§ **Given information**:
------------------------------

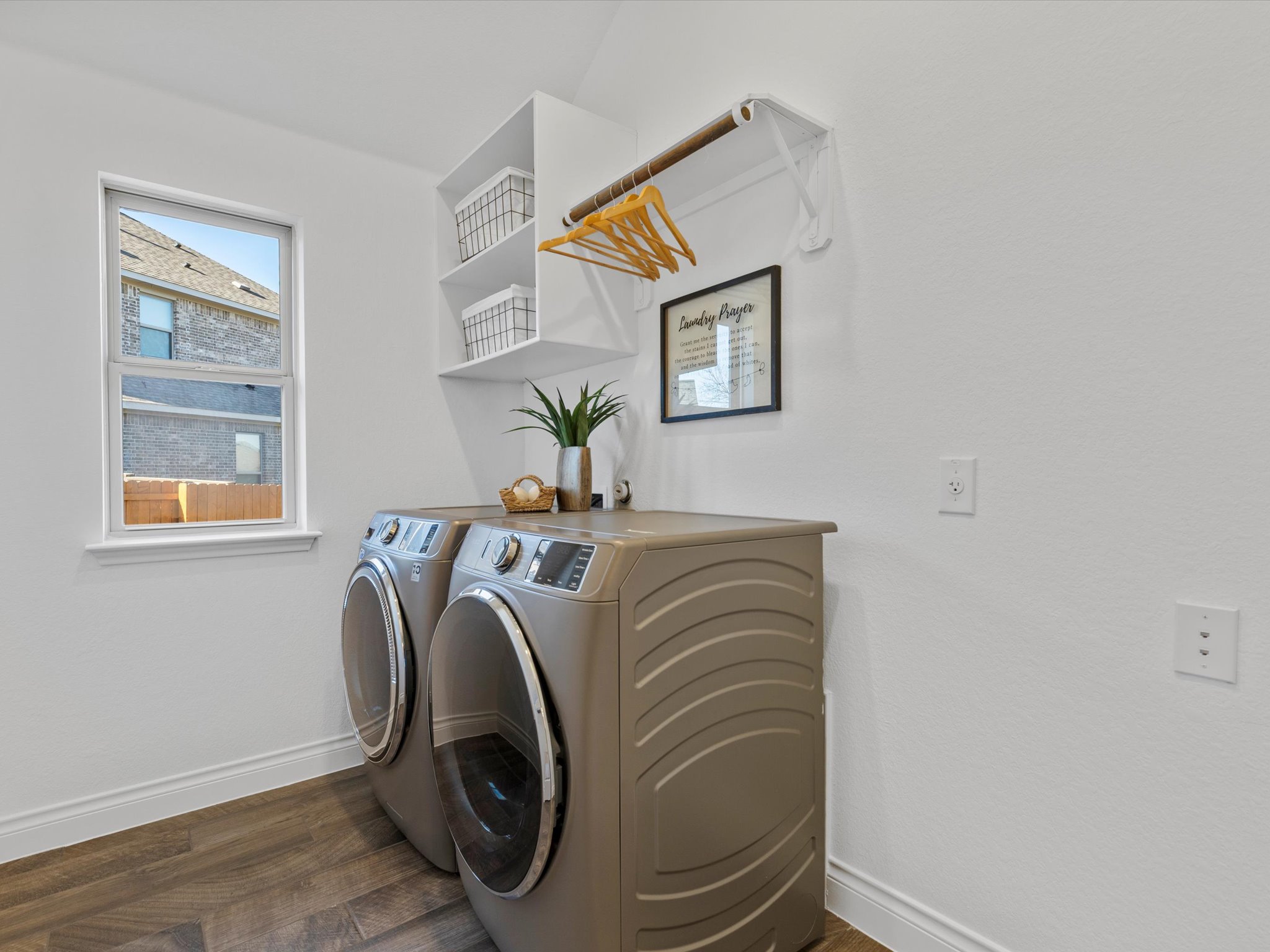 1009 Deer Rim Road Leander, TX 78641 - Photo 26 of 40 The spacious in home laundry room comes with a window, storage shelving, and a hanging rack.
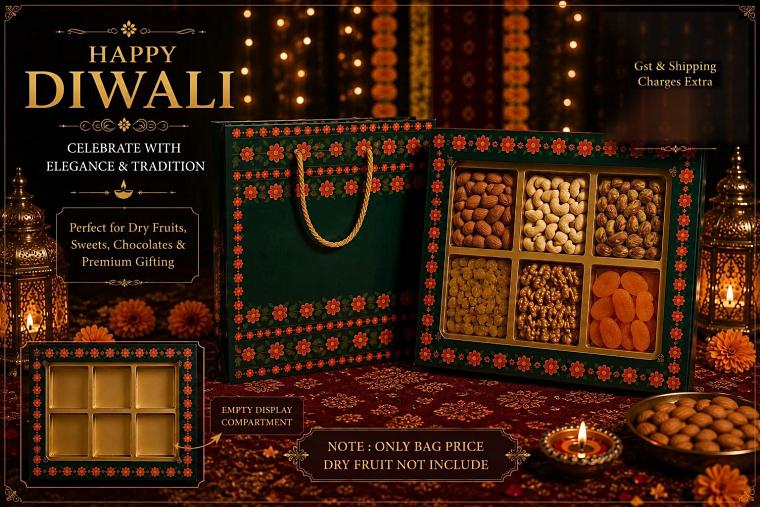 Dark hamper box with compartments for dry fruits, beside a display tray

------------------------------

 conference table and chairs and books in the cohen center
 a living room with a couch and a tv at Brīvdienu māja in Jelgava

------------------------------

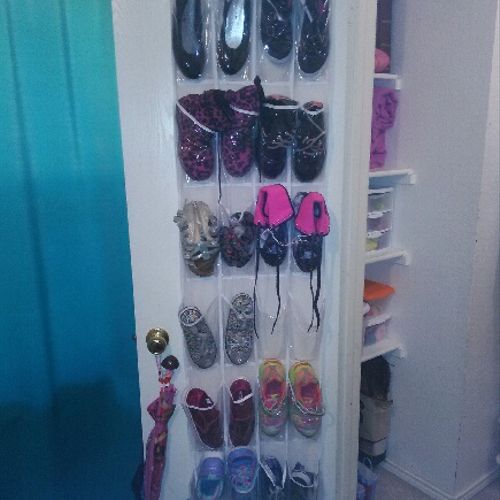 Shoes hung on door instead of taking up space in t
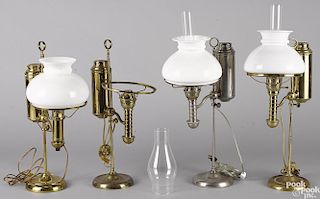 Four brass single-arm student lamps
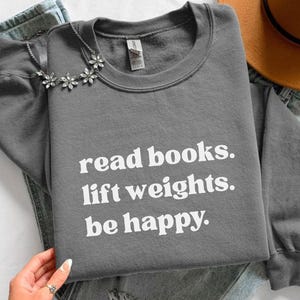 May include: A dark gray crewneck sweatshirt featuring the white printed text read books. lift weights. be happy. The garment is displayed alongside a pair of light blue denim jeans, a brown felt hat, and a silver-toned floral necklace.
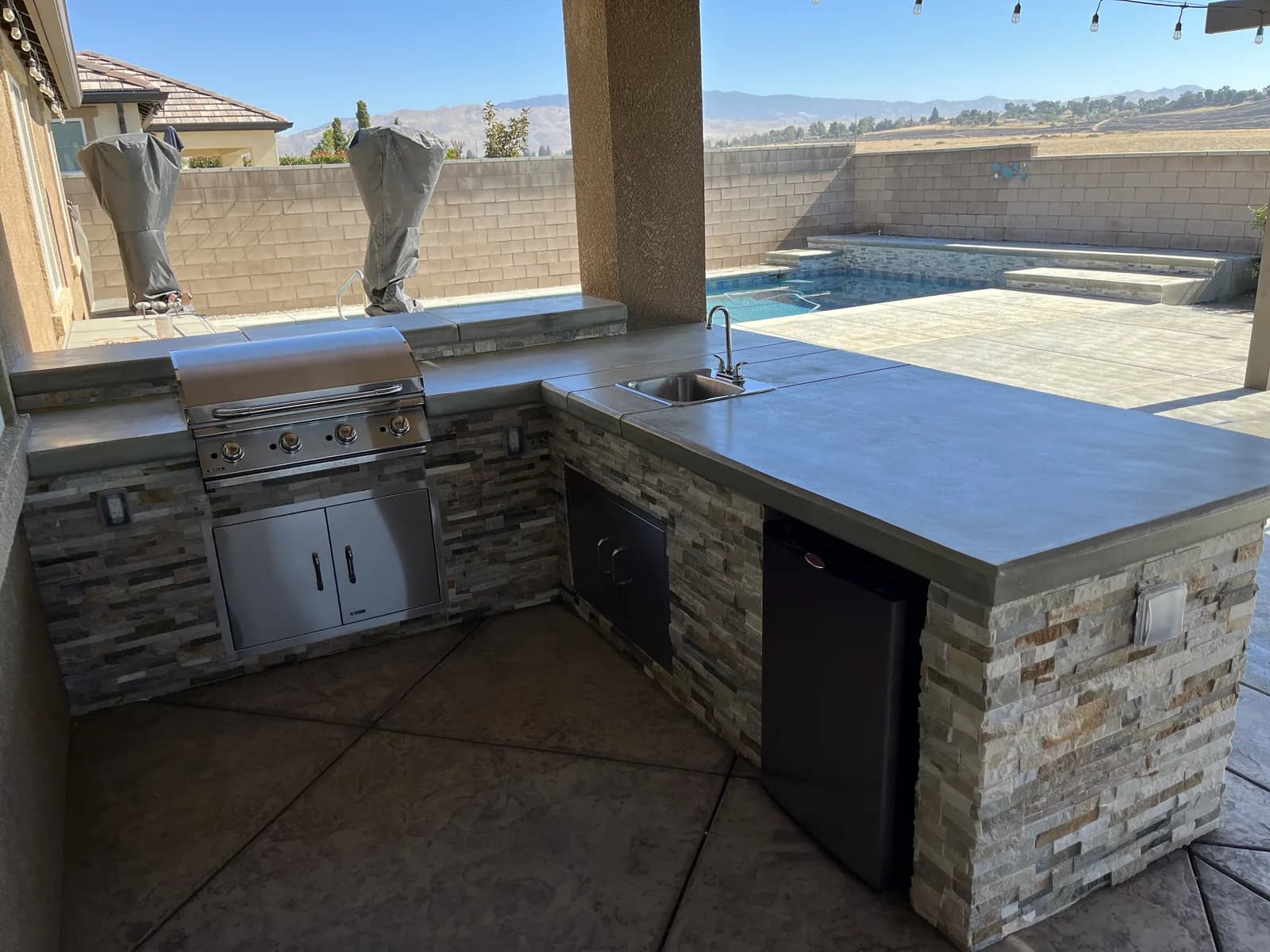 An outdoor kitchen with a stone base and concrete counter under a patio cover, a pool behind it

------------------------------

§ **Work to be completed**:
What to print is the stretch of entries from the line with "1009 Deer Rim" up to and including the line with "Dark hamper box". Please print it exactly and leave out the pictures.

§ **Result of this exercise**:
 1009 Deer Rim Road Leander, TX 78641 - Photo 26 of 40 The spacious in home laundry room comes with a window, storage shelving, and a hanging rack.
 Dark hamper box with compartments for dry fruits, beside a display tray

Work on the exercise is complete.